Lawyers representing Hudson’s Bay stakeholders received an “insider protocol” document on Thursday afternoon from the court-appointed monitor, suggesting there may be a relevant party to the business interested in bidding on some assets of the beleaguered retailer.
An insider could be a director, officer or other member of the management of Hudson’s Bay and a third party who has inside knowledge, such as lawyers and shareholders, said Tim Dunn, an insolvency lawyer.
The protocol, which governs how an “insider” could bid in the sales process for Hudson’s Bay’s leases, real estate and intellectual property, was established to “ensure the integrity and fairness” for all participants. Certain provisions are set in the protocol to prevent unfair advantage to the relevant person of the business who may receive assistance from some members of the company’s management in preparing or submitting their bids.
“It’s interesting because if an insider had approached the monitor to say, look, we are potentially looking at putting in a bid here, there would be no need for the monitor to do anything other than adhere to the rules of the insider protocol that was already established,” Dunn said.
“The fact that they felt the need to re-publicize, essentially what the inside protocol is, strikes me as being an attempt to address inquiries,” potentially from stakeholders asking if there’s an insider bid, Dunn continued.
He added that the protocol is “standard” in the bidding process and does not necessarily suggest such a bid exists.
The 355-year-old company filed for creditor protection on March 7, burdened with more than $1 billion in debt and just $3 million in cash earlier this year. The court has given the once-venerated retailer permission to liquidate its entire business, except for six stores, while it races through two parallel efforts to flip its leases for cash and reel in last-minute buyers for its stores and trademarks.
No one has publicly expressed interest in purchasing Hudson’s Bay stores except a B.C.-based billionaire, Weihong Liu. The Star first reported last week that Liu, chairwoman of shopping centre owner Central Walk, said she wants to buy “dozens” of stores on Chinese social media.

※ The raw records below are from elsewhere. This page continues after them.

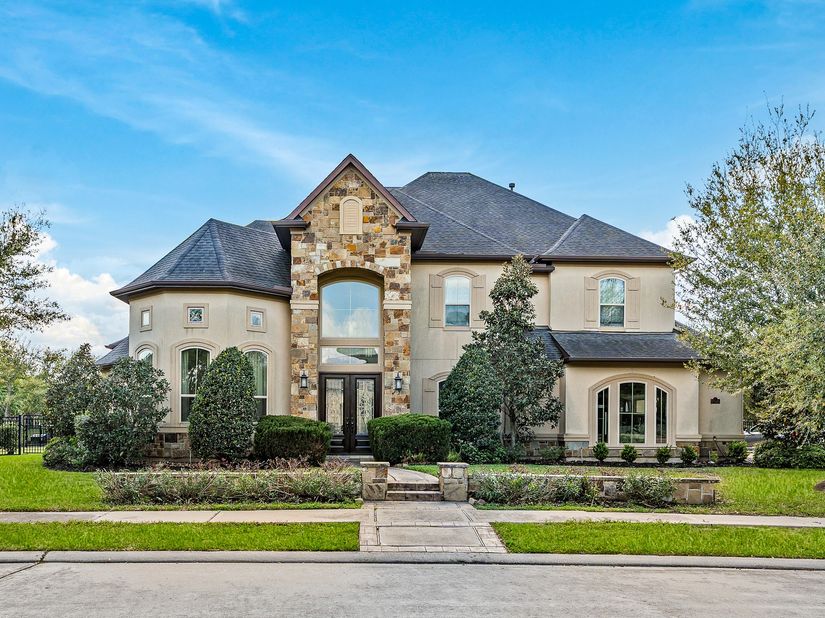 17515 W Bremonds Bend Court, Cypress TX 77433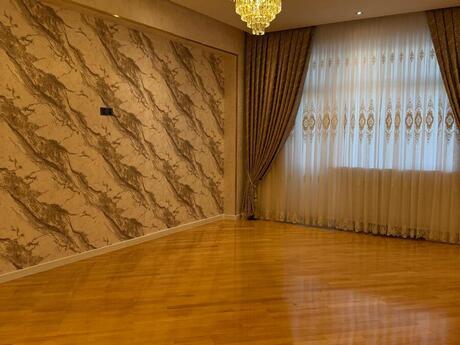 3 otaqlı yeni tikili - Elmlər Akademiyası m. - 125 m²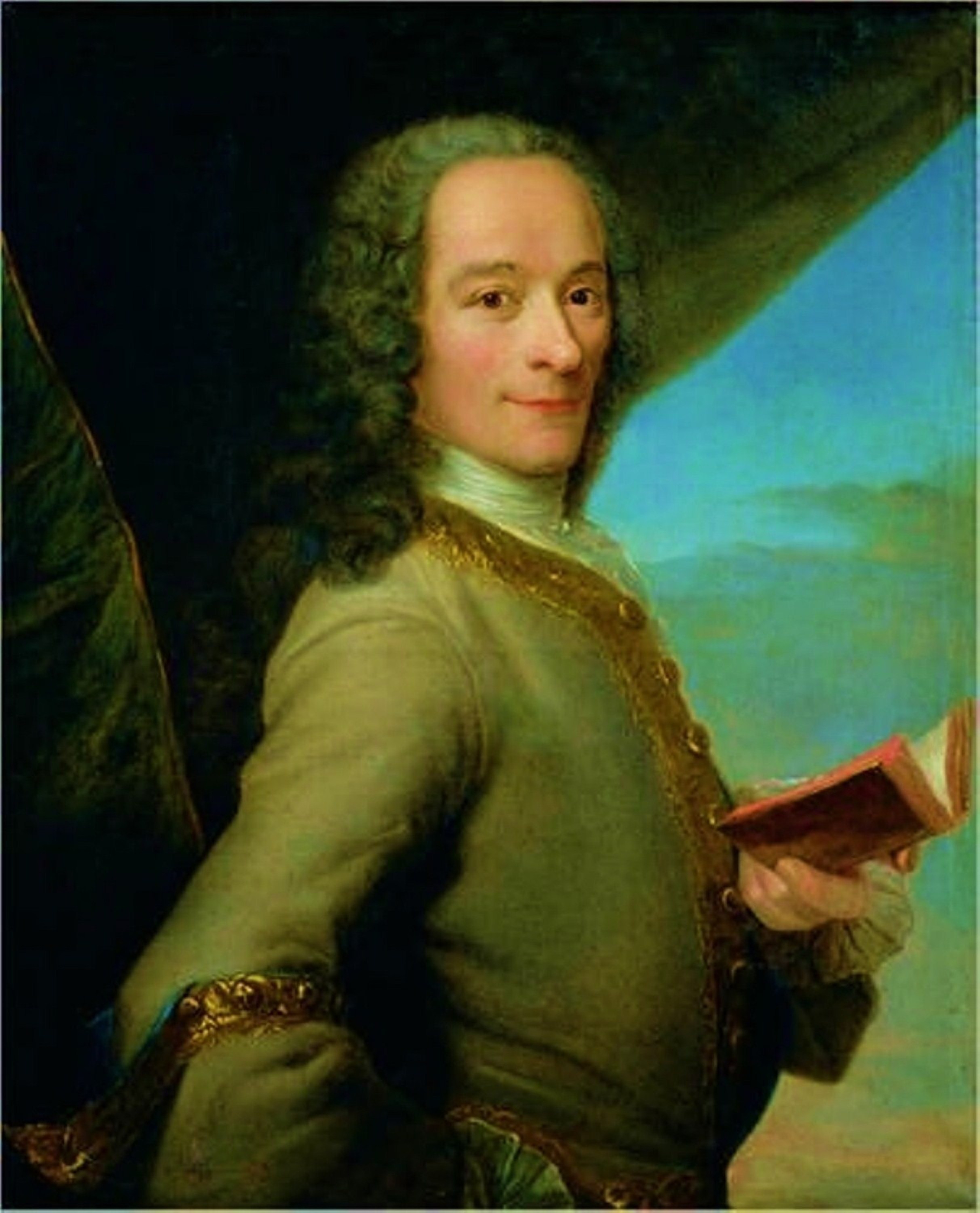 “I disapprove of what you say, but I will defend to the death your right to say it.” – Voltaire (image credits: wikimedia)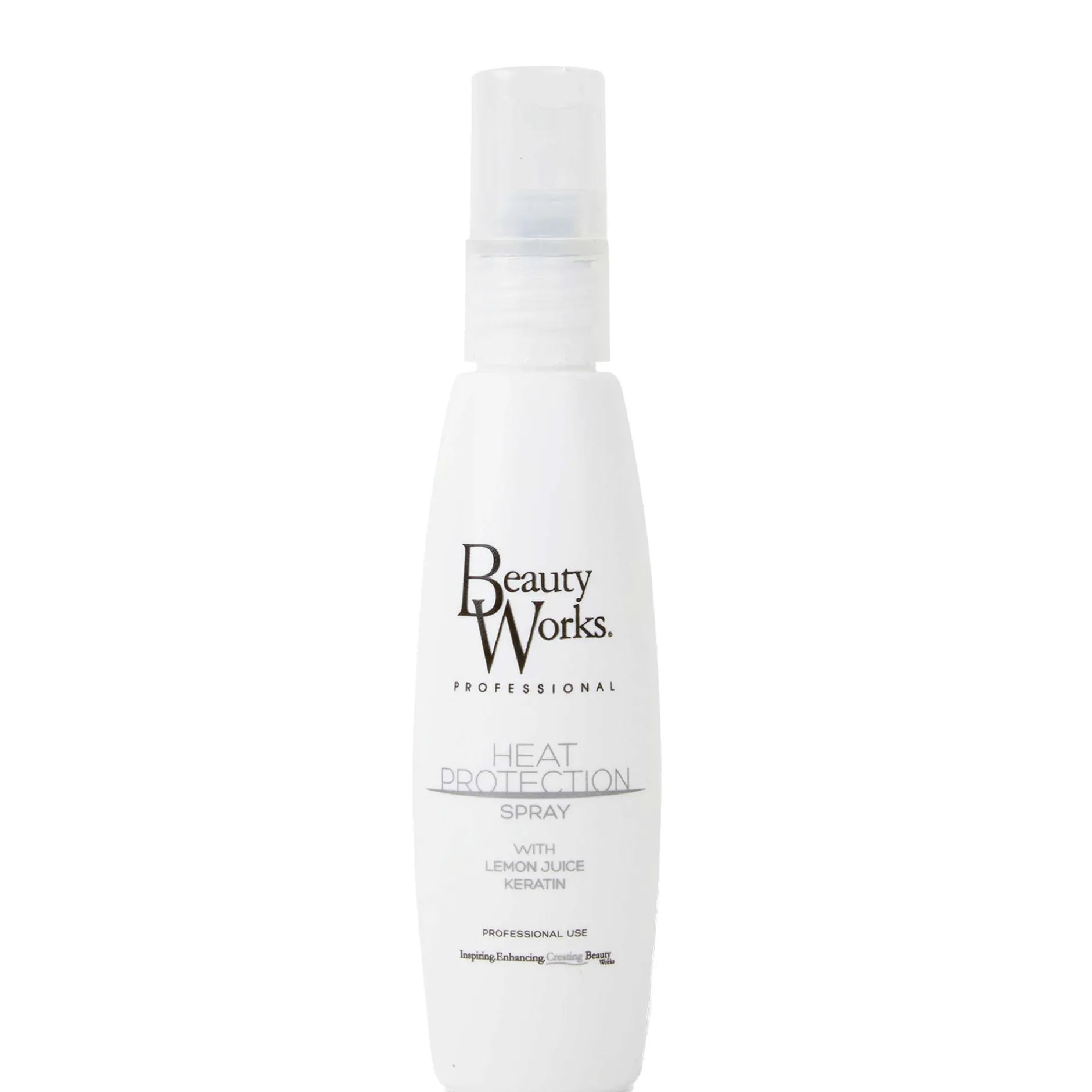 Beauty Works Styling Heat Protection Spray 50ml New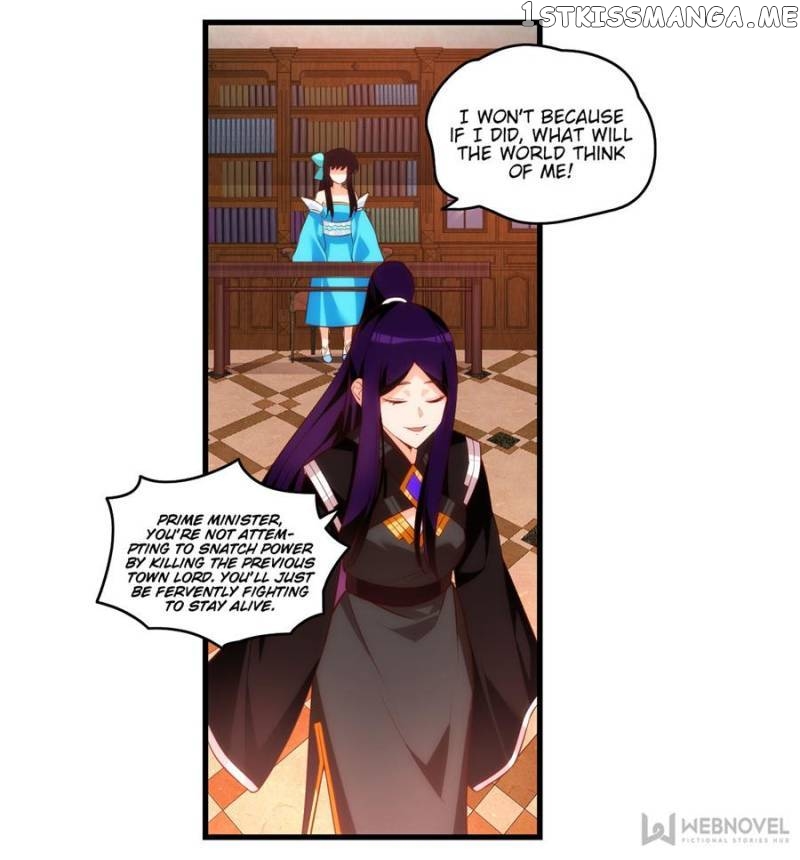 My Lackadaisical Overlord chapter 94 - page 25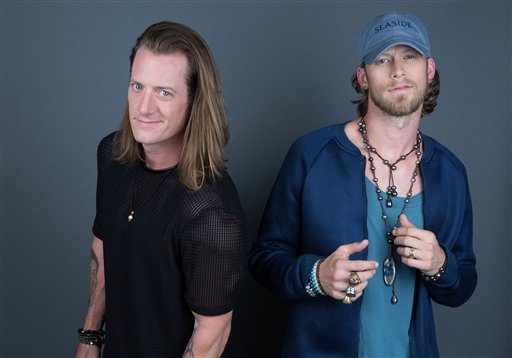 FGL’s Brian Kelley Pairs With Hollywood Director For Upcoming Stage Musical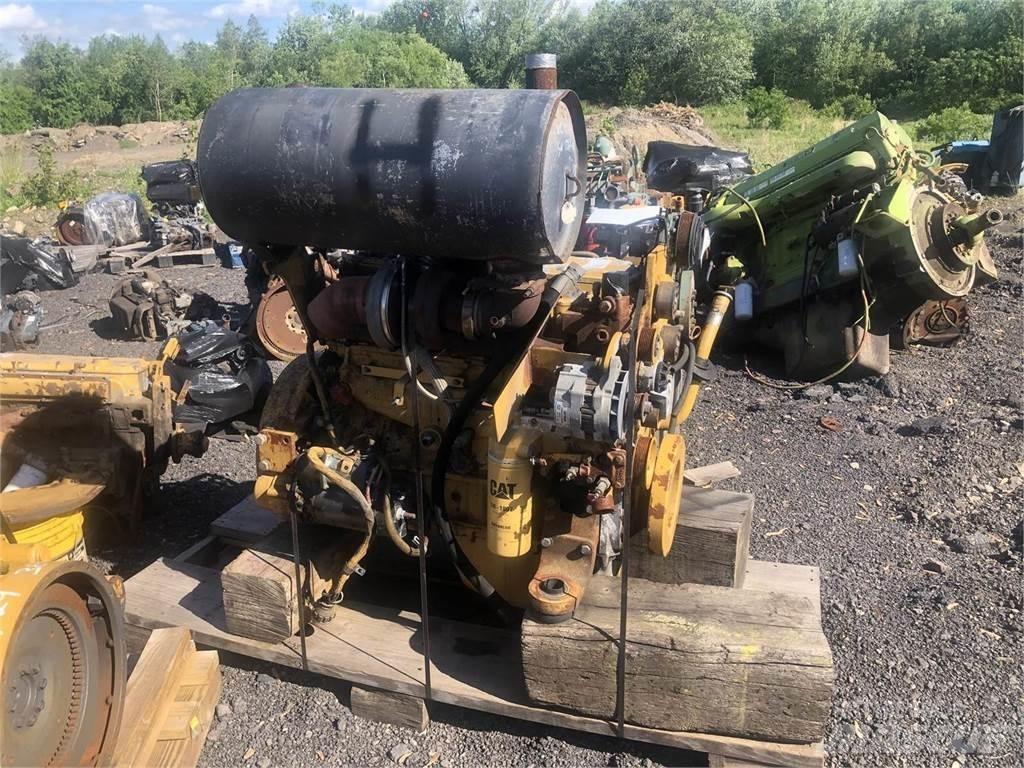 CAT 3126 Двигатели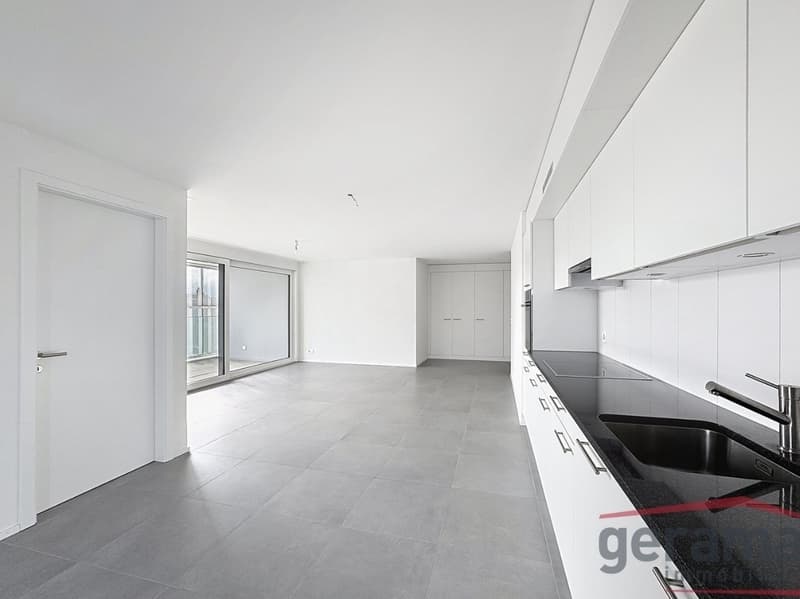 Appartamento di 2,5 locali al 9° piano con vista (5)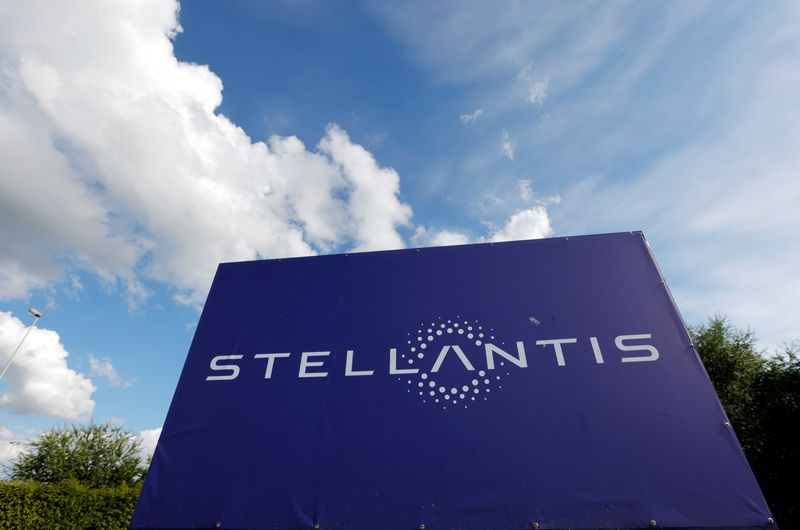 LYNXMPEI8905D L - کارگران کارخانه Stellantis در ایندیانا دست به اعتصاب زدند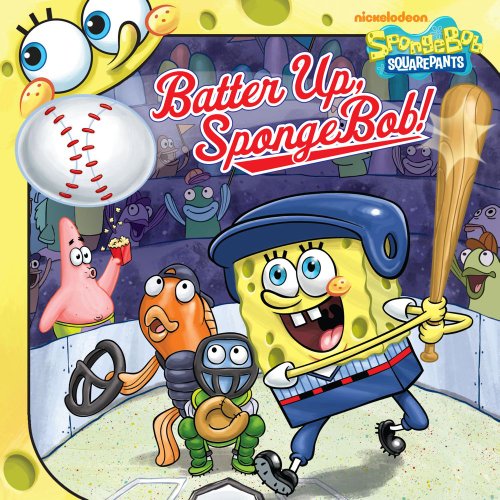 Batter Up, SpongeBob! (SpongeBob SquarePants)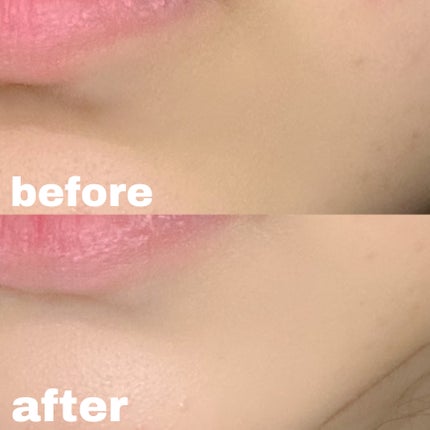 CORRECT CARE COMPLETE CC CUSHION/ラミューズ/クッションファンデーションを使ったクチコミ(4枚目)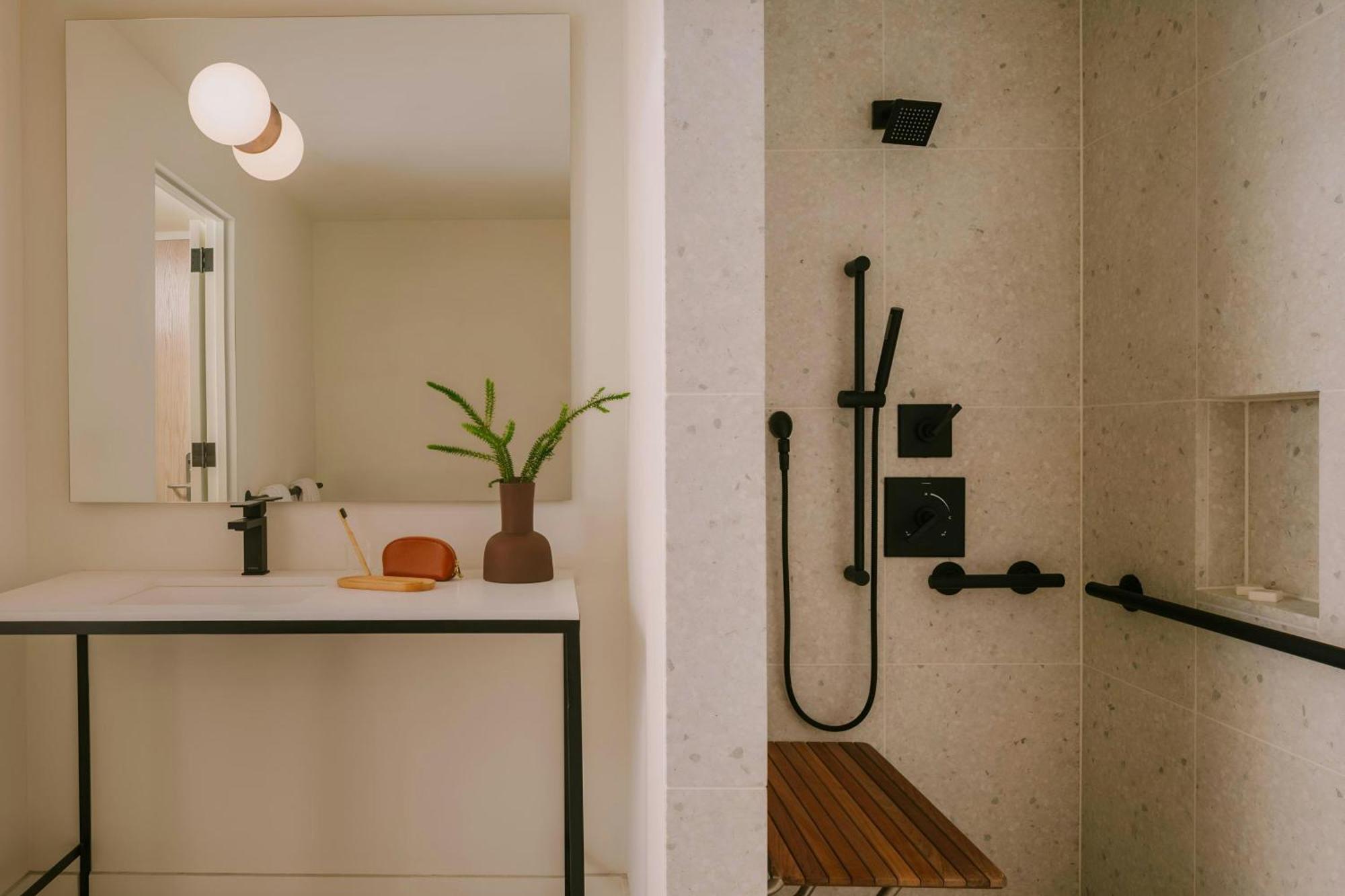 Sonder By Marriott Bonvoy The Craftsman Apartments Downtown La ロサンゼルス エクステリア 写真
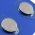 Varta lithium button cell CR2025 DL2025 blister pack of 2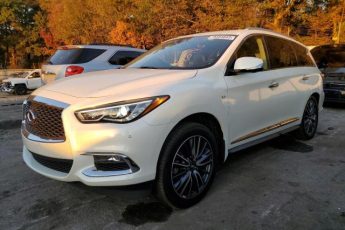 5N1DL0MN5JC525145 | 2018 INFINITI QX60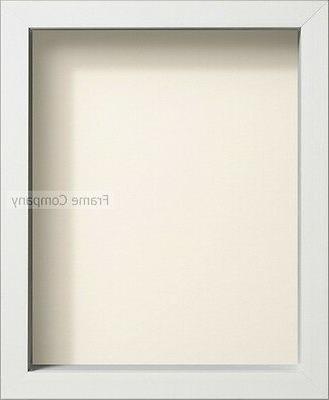 radcliffe gamma bianco scatola di legno montature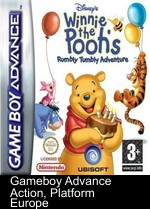 Winnie The Pooh's Rumbly Tumbly Adventure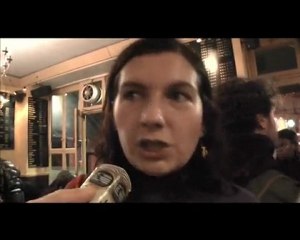 telebocal aux courts du lou decembre 2009 (avant la proj.)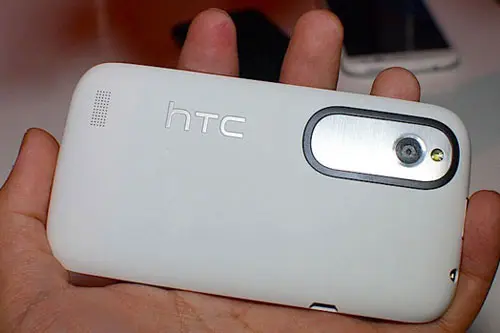 HTC Wind T328w HTC Wind T328w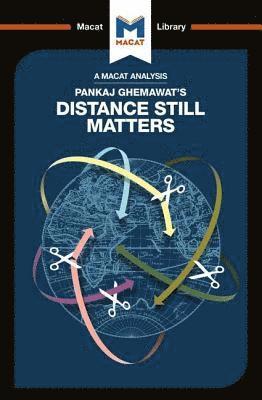 bokomslag An Analysis of Pankaj Ghemawat's Distance Still Matters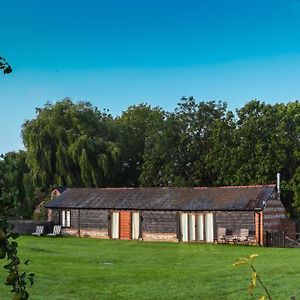 Villa The Tool Shed Wimborne Minster Exterior photo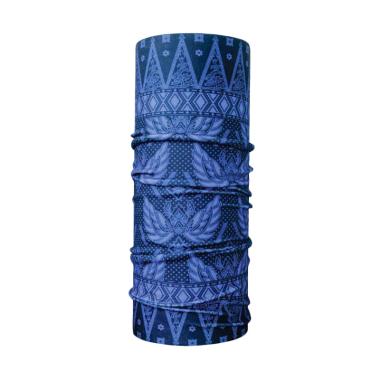 CK-Bandana Motif Baduy Buff Masker Multifungsi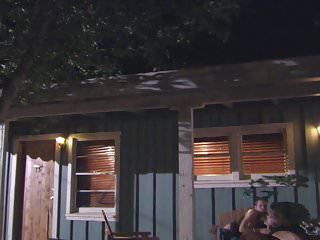 Blondine Brooke in der hündchenstellung gefickt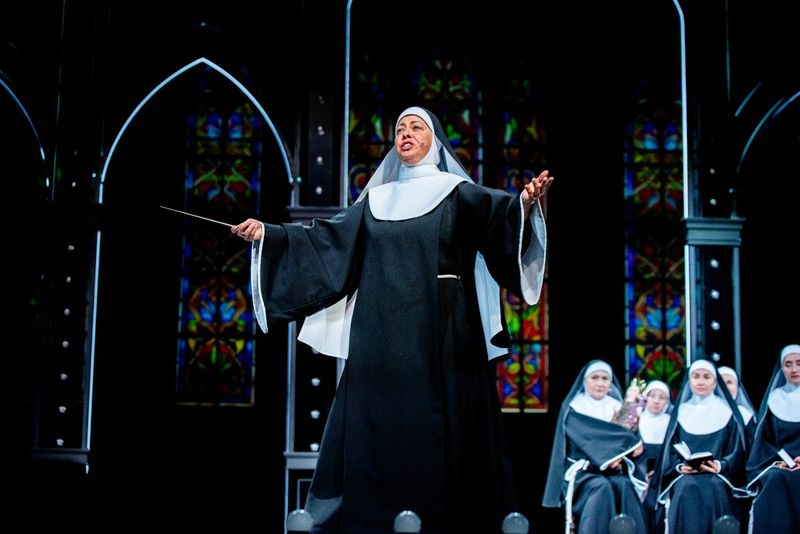 Review: SISTER ACT at Gdynia Musical Theater Image
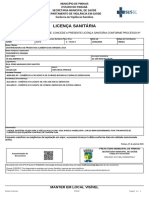 Alvará+Licença+Sanitaria Qwerpdf PDF para Word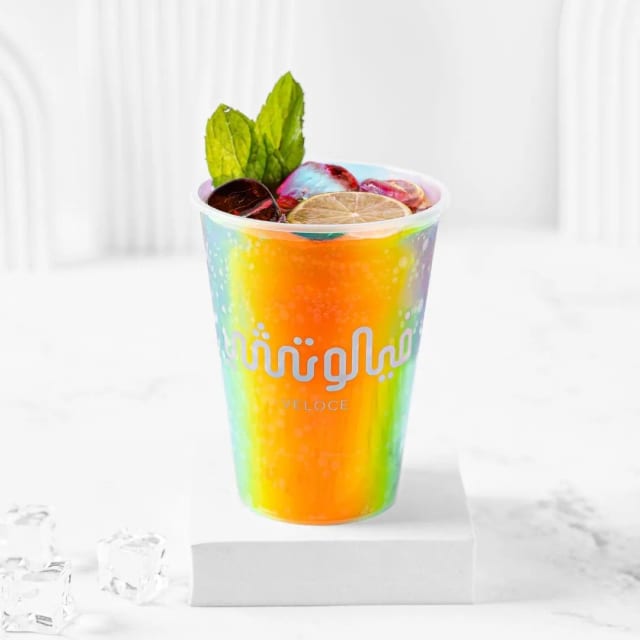 موهيتو روز بيري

The past Monday was the deadline for any insider who wants to participate in the sales process to declare their intent. The protocol document was “shared for information purposes” and offers “no assurance” that an insider bid will be made, the court-appointed monitor wrote in boldface in an email to lawyers representing landlords on Thursday.
“Any time you have an insider who is prepared to participate in a sales process, they come to the table having a strategic advantage over third parties, simply because they are intimately familiar with the financial and other information of the company,” Dunn said.
While the protocol was in place to “level the playing field,” it could not overcome the inherent advantage of an insider, he added.
The protocol requires the insider to inform the monitor of the “affected management members” who will be assisting them in bidding on Hudson’s Bay properties and “from time to time update such list as necessary.”
These managers will be prohibited from communicating with other potential bidders unless they receive a written request or consent from the monitor, and face restrictions on accessing information not provided to other bidders, and knowing who has signed a non-disclosure agreement.
It’s required that the monitor or its lawyers be present for “substantive discussions” about a bid between the insider or company management and the financial adviser.
The insider, affected management members, and other potential bidders also need the monitor’s green light to directly negotiate with landlords and parties interested in licensing the company’s intellectual property or brands.
“Every effort will be made to adhere to the insider protocol, but the practical challenges of having an insider bid increased significantly,” such as in deciding the winning bidder, Dunn said.
Hudson’s Bay declined to comment, but in a statement to The Canadian Press, it said “no insider bid has been identified or confirmed, and these protocols are procedural protections that are common in any similar process.”